Introduction
I use Scalaz 7 iteration in a number of projects, mainly for processing large files. I would like to start switching to Scalaz streams that are meant to replace the iteratee package (which, frankly, is missing a lot of pieces and is a kind of pain to use).
Threads are based on machines (another variation on an iterative idea), which are also implemented in Haskell. I used the Haskell machine library a little, but the connection between the machines and the threads is not entirely obvious (at least for me), and the documentation for the thread library is a bit rare .
This question is about a simple parsing task that I would like to see implemented using threads instead of iterations. I myself will answer the question if no one will beat me, but Iโm sure that Iโm not the only one who makes (or at least considering) this transition, and since I still need to work in this exercise, I I could also do it publicly.
Task
Suppose I have a file containing sentences that have been marked and marked with parts of speech:
no UH , , it PRP was VBD n't RB monday NNP . . the DT equity NN market NN was VBD illiquid JJ . .
There is one token per line, words and parts of speech are separated by one space, and empty lines represent the boundaries of sentences. I want to parse this file and return a list of sentences, which we could also represent as lists of tuples of strings:
List((no,UH), (,,,), (it,PRP), (was,VBD), (n't,RB), (monday,NNP), (.,.)) List((the,DT), (equity,NN), (market,NN), (was,VBD), (illiquid,JJ), (.,.)
As usual, we want to gracefully fail if we hit invalid exceptions for entering or reading files, we donโt want to worry about manually closing resources, etc.
Iterative Solution
First for some common file reading files (which really should be part of the iteratee package, which currently does not provide anything remotely at this high level):
import java.io.{ BufferedReader, File, FileReader } import scalaz._, Scalaz._, effect.IO import iteratee.{ Iteratee => I, _ } type ErrorOr[A] = EitherT[IO, Throwable, A] def tryIO[A, B](action: IO[B]) = I.iterateeT[A, ErrorOr, B]( EitherT(action.catchLeft).map(I.sdone(_, I.emptyInput)) ) def enumBuffered(r: => BufferedReader) = new EnumeratorT[String, ErrorOr] { lazy val reader = r def apply[A] = (s: StepT[String, ErrorOr, A]) => s.mapCont(k => tryIO(IO(Option(reader.readLine))).flatMap { case None => s.pointI case Some(line) => k(I.elInput(line)) >>== apply[A] } ) } def enumFile(f: File) = new EnumeratorT[String, ErrorOr] { def apply[A] = (s: StepT[String, ErrorOr, A]) => tryIO( IO(new BufferedReader(new FileReader(f))) ).flatMap(reader => I.iterateeT[String, ErrorOr, A]( EitherT( enumBuffered(reader).apply(s).value.run.ensuring(IO(reader.close())) ) )) }
And then our suggestion reader:
def sentence: IterateeT[String, ErrorOr, List[(String, String)]] = { import I._ def loop(acc: List[(String, String)])(s: Input[String]): IterateeT[String, ErrorOr, List[(String, String)]] = s( el = _.trim.split(" ") match { case Array(form, pos) => cont(loop(acc :+ (form, pos))) case Array("") => cont(done(acc, _)) case pieces => val throwable: Throwable = new Exception( "Invalid line: %s!".format(pieces.mkString(" ")) ) val error: ErrorOr[List[(String, String)]] = EitherT.left( throwable.point[IO] ) IterateeT.IterateeTMonadTrans[String].liftM(error) }, empty = cont(loop(acc)), eof = done(acc, eofInput) ) cont(loop(Nil)) }
And finally, our syntax action:
val action = I.consume[List[(String, String)], ErrorOr, List] %= sentence.sequenceI &= enumFile(new File("example.txt"))

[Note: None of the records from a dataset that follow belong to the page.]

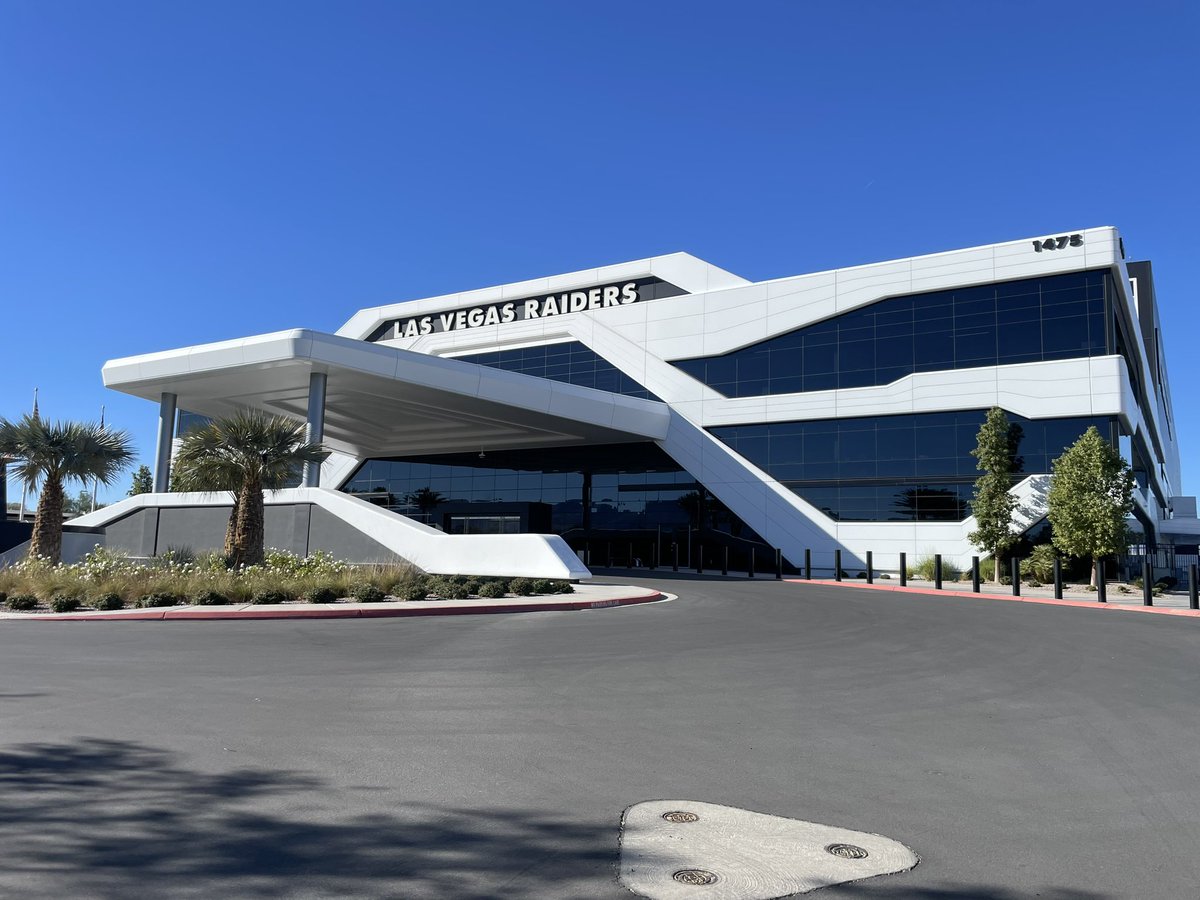 GlobalPhotopro's tweet image. Raiders headquarters in Las Vegas #raiders #aldavis #raidernation #nfl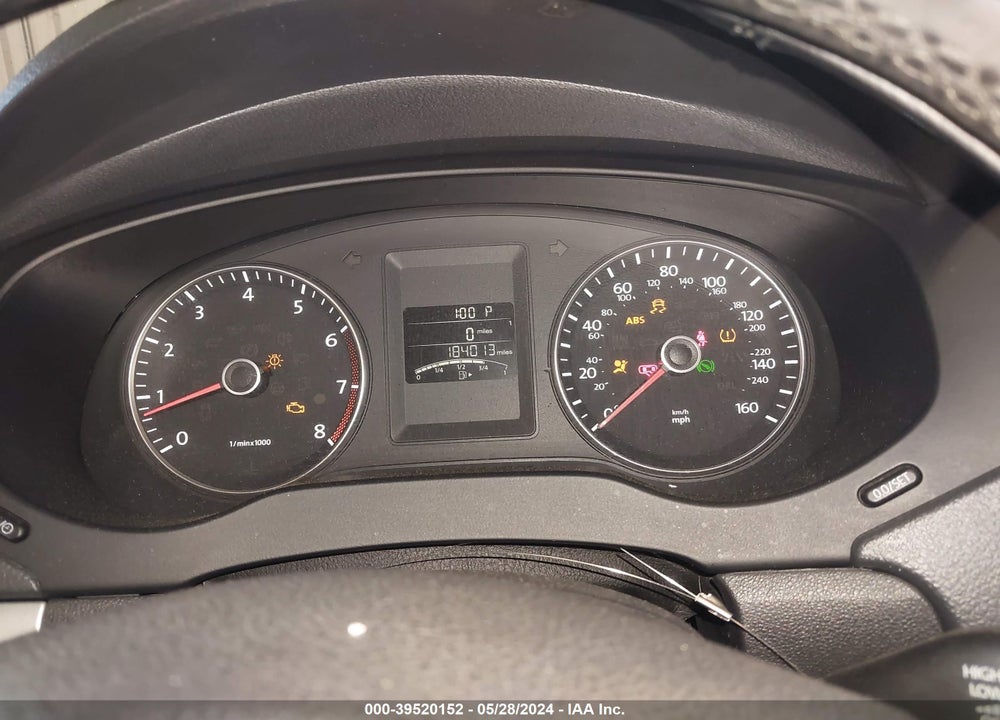 2013 VOLKSWAGEN JETTA 2.5L SE VIN: 3VWDX7AJ6DM446506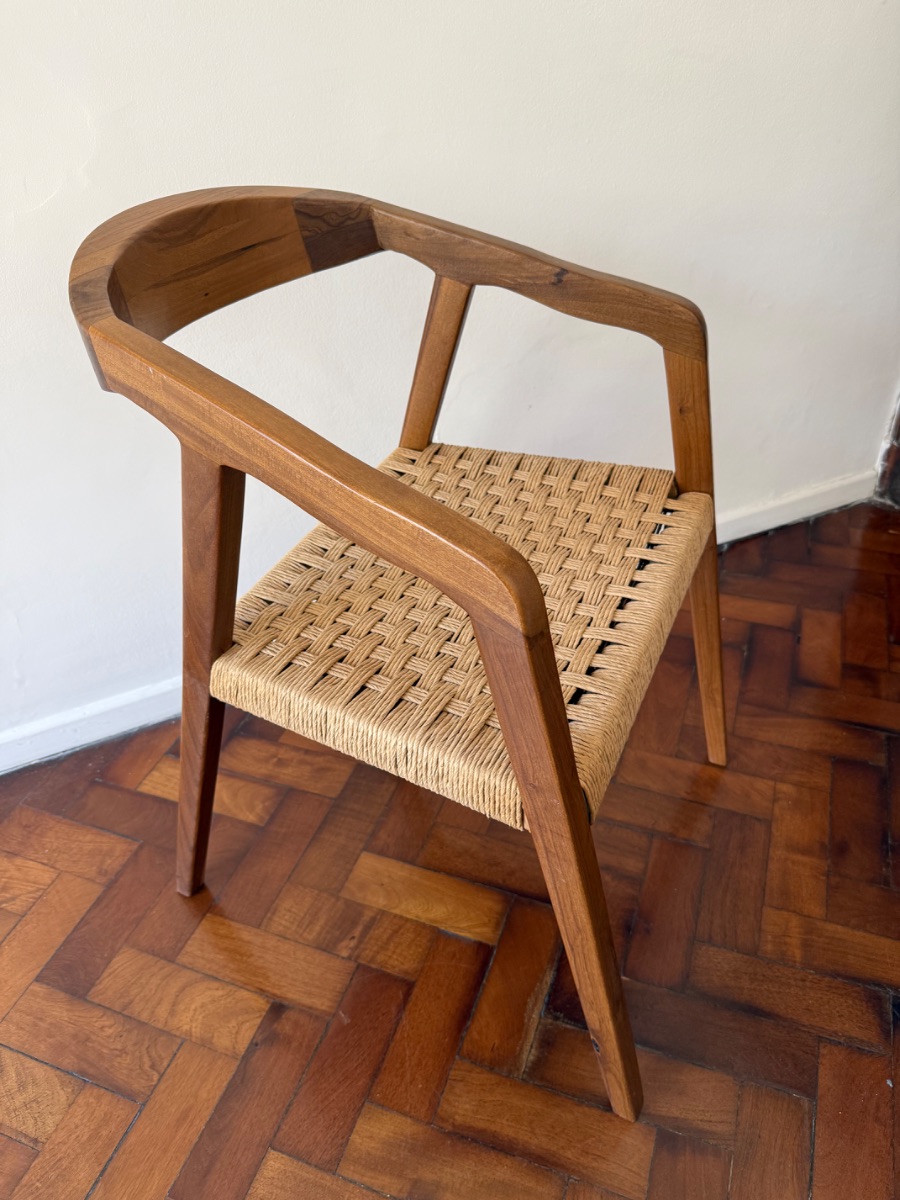 Vendo mesa y sillas de petiribi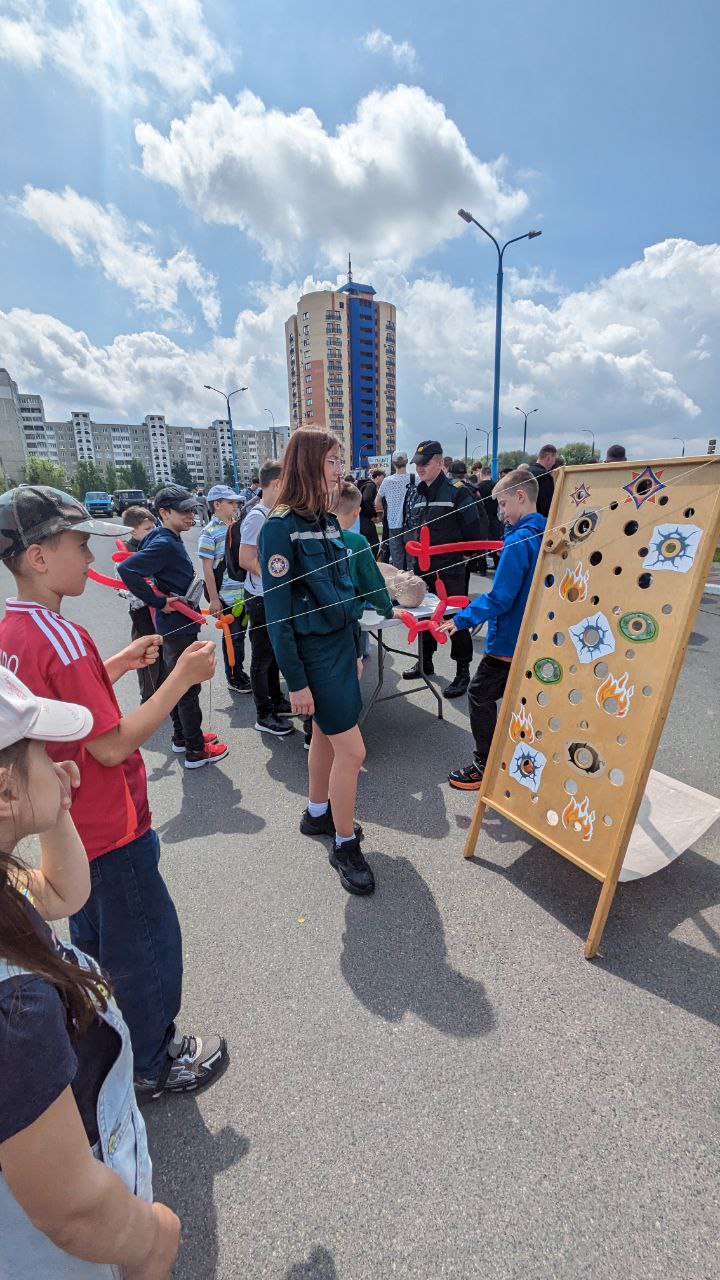 В Бресте проходит семейно-спортивный праздник «Волны единства»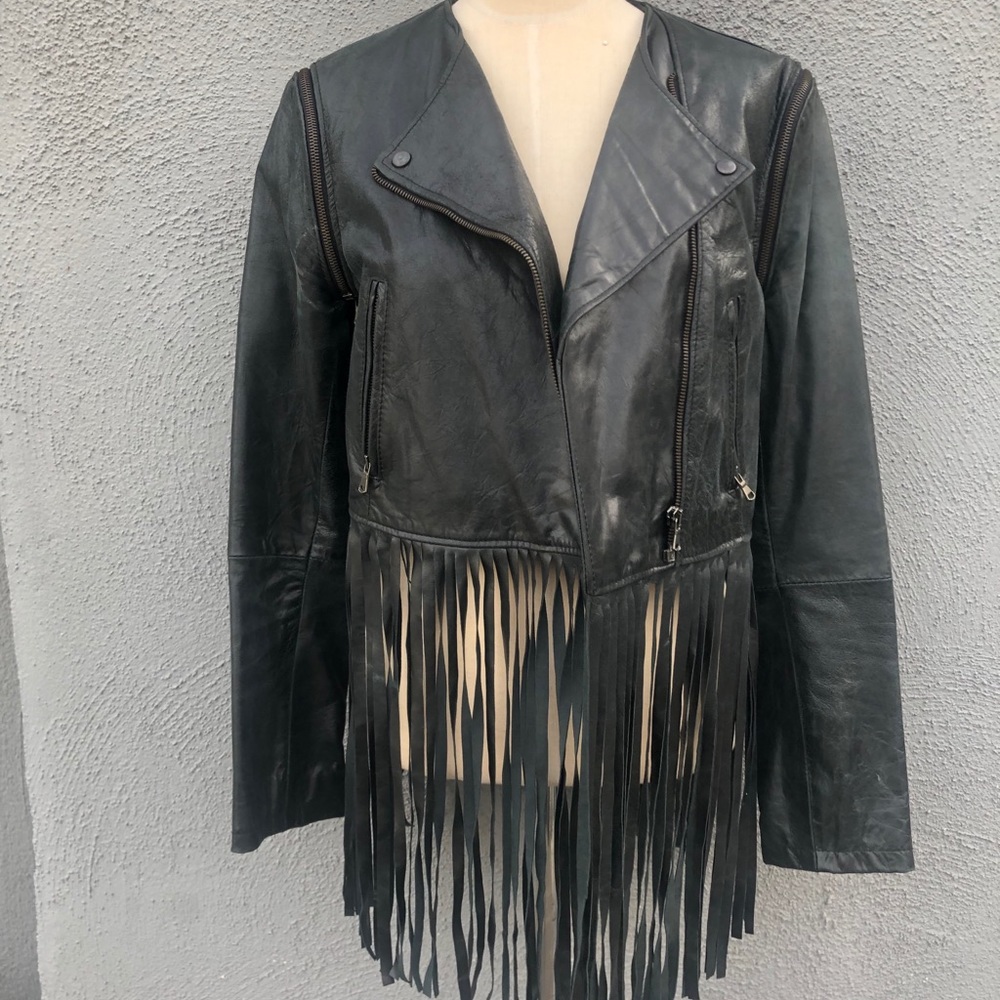 Please made in Italy leather jacket with fringe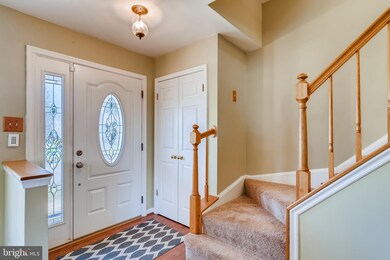 6306 White Cedar Ct, Sykesville, MD 21784 - photo 3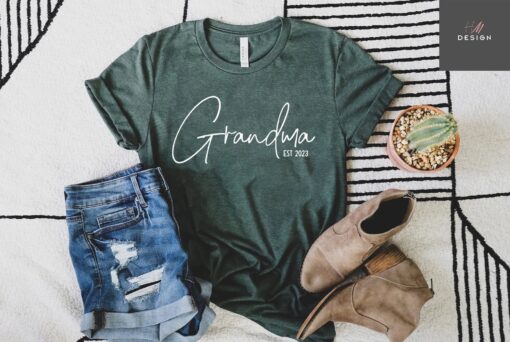 custom grandma established shirt for new grandma birthday and mothers day gifts minimalist design unique grandma tee mduvp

We can demonstrate that it works:
scala> action.run.run.unsafePerformIO().foreach(_.foreach(println)) List((no,UH), (,,,), (it,PRP), (was,VBD), (n't,RB), (monday,NNP), (.,.)) List((the,DT), (equity,NN), (market,NN), (was,VBD), (illiquid,JJ), (.,.))
And you're done.
What I want
More or less the same program implemented using Scalaz streams rather than iteration.